DON LIPMANSON went on to become a lawyer himself, having honed the requisite ethical skills in the drug trade. Mrs. Lipmanson became Joy LeClair and something of a radio pundit at KZYX. Mr. L. was finally convicted and jugged out at the County Jail on Low Gap Road, but successfully sued the Mendocino County Sheriff's Department for denying him work furlough to pursue his stained glass artistry under his patron, the well-known Ukiah aesthete, John Schaeffer of Real Goods. Lipmanson said he used his lawsuit winnings to go to law school, and the rest is history in the only place in America where history like this can be made.

ORDINARILY, $4.5 million for a new high school gym might beg questions about educational priorities, but the new gym under construction at Covelo is likely to give the whole community a needed morale boost, especially given the popularity of basketball in Native American communities. A fascinating documentary available from NetFlix called "Basketball or Nothing" films a season of high school basketball on the sprawling Navajo reservation in Arizona. The initial shot of the gym in the tiny town of Chinle, whose high school team the doc follows, surprised me. Their gym is huge, and often packed as the Chinle Wildcats battle other rez teams in fierce competitions for state playoff berths. The social life of the town and the surrounding area revolves around basketball season and the fortunes of the hometown team. That team, like Covelo's, also has to battle a quicksand-like social morass that drags many Native youngsters into drugs and consequent lives of futile despair. Basketball, in this setting, and this marvelous gym in the middle of literal nowhere Arizona, inspires young people to think bigger and better than the grinding poverty characteristic of reservation life. The film makes it clear how central the gym is to the more wholesome aspects of life in Chinle. Covelo, before the drug scourge took hold in the later 1960s, was a small school sports power only to fall into years of non-competitive teams that often didn't finish the season for lack of the basic self-discipline athletics require. The new gym at Round Valley High School will be worth every penny, and maybe even restore Covelo to the powerful sports presence it enjoyed long ago.

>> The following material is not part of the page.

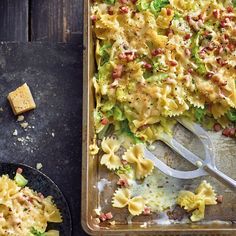 a pan filled with pasta and vegetables on top of a table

JUSTINE FREDERICKSEN of the Ukiah Daily Journal reported Thursday that the City of Ukiah awarded a contract of about $1.4 million to a Cloverdale construction outfit for “the final planned stretch [Phase 3] of the Ukiah Rail Trail, a paved walking path that runs north to south along the railroad tracks.” Phase 2, about a quarter mile of trail, previously cost about $1.5 million. We have not been able to find the official total length of the finished trail, but it was previously described as “in the center of Ukiah.” This latest “final” phase supposedly “runs north from Mason Street to nearly Brush Street” along the railroad right of way, which looks on the map to be about 1500 feet. So let’s assume that the total length of the Ukiah Rail-Trail is less than a mile at over $1.5 million per quarter mile, or at least $5 million for a mile of finished paved trail. The money is coming from a Caltrans grant. 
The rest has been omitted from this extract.